# Are high temps necessary for Co2 enrichment?



## Hellbillie (Oct 25, 2010)

Hey everyone, i searched around but could not find this answer. My room stays between 68-78 degrees day/night. I keep hearing that Co2 is best at temps over 90 and was wondering if Im wasting money by keeping my room at 1500ppm with lower temps. Im running a 600watt HID digital system and a humidifier to keep thing at 40% humidity(as high as can get it). Plants seem to be doing good. Should i raise the temps? Seems silly since it took me so long to get them down in this room, lol. Here is a pick of them in veg. Thanks for any input!


----------



## Little Tommy (Oct 25, 2010)

The info I have read points to the plants being able to tolerate higher temps with CO2 enrichment. My rooms never get over 80F and it all works fine.


----------



## Little Tommy (Oct 25, 2010)

Your plants look very healthy.


----------



## ColoradoLove (Oct 25, 2010)

68/78 is lights off/lights on I'm assuming?
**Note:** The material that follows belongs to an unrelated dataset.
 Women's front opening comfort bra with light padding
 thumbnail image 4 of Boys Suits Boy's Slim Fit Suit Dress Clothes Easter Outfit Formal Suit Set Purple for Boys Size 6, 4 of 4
Almost hitting 80 with lights on with Co2 seems fine. When the lights are off the plants don't use Co2 so 68 isn't an issue. I think you're fine where you're at, but I've never run Co2. I've read a lot of journals who have and 85 is the temp I see them shooting for. 78 is pretty damn close

And as Tommy pointed out your plants look very healthy!


----------



## Hellbillie (Oct 25, 2010)

thanks for the input everyone...much appreciated!


----------



## woodsmaneh! (Oct 25, 2010)

I have run Co2 for a number of years and your doing great, don't change a thing. Higher temps are a little better but not much higher, so leave it alone. Well done.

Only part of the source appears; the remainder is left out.